By Kathy Campbell - Us Weekly




Rest in peace. Joe Jackson, father of the late Michael Jackson, died on Wednesday, June 27, after a battle with cancer, a source confirms to Us Weekly. He was 89.

Radar Online reports that he died in his Los Angeles home. “He had home nursing care and things took a turn and they wanted to rush him to the hospital, but it was too late,” a source close to the Jackson family told the outlet.

Us Weekly confirmed on June 22 that Joe had been hospitalized in the final stages of terminal cancer.

“Everyone in the family, from Paris to Janet, is planning to see him,” a source told Us at the time. “He can still talk and communicate at this point. He’s very weak.”

News of Joe’s death comes two days after the ninth anniversary of Michael’s death.

Us previously reported in May 2016 that the father of 11, whose children also included the members of the Jackson 5, was hospitalized following a check-up at his doctor’s office.

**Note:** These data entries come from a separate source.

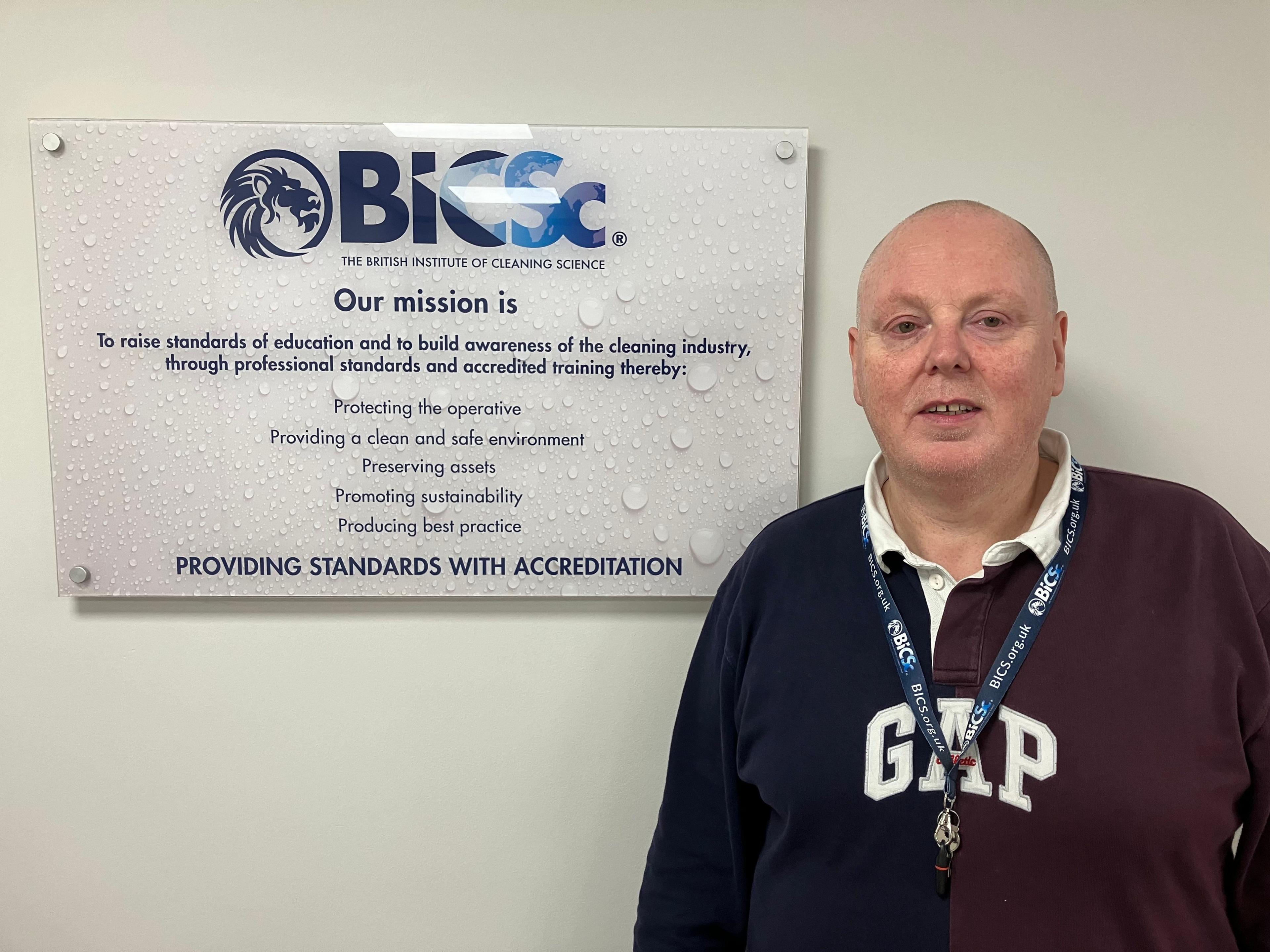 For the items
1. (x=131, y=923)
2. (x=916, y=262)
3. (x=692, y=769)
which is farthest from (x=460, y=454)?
(x=131, y=923)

“He wasn’t feeling well over the weekend and last week and he was very sick, so they made an appointment for him to see his doctor and the doctor admitted him to the hospital,” the source told Us at the time. “They couldn’t really pinpoint what was wrong with him. He had an extremely high fever.”

The former talent manager also suffered a stroke while celebrating his birthday in Sao Paulo in August 2015.

Joe, who married Katherine in 1949, had a brief music career before putting his sons, including Michael and Jermaine, together in a group called The Jackson 5. After they were signed to Motown in 1968, the family moved to California, where the patriarch supervised the group’s recording sessions and later opened his own record label, establishing the careers of his youngest son, Randy, and daughter Janet.



Katherine twice filed divorce papers over the years but later withdrew them and the couple remained married despite Joe fathering a child with another woman. He later moved to Las Vegas while his wife stayed at the family home in Encino, California.

Joe was portrayed by Lawrence Hilton-Jacobs in the 1992 miniseries The Jacksons: The American Dream and was awarded the Rhythm & Blues Music Hall of Fame Museum’s Humanitarian Award in 2015.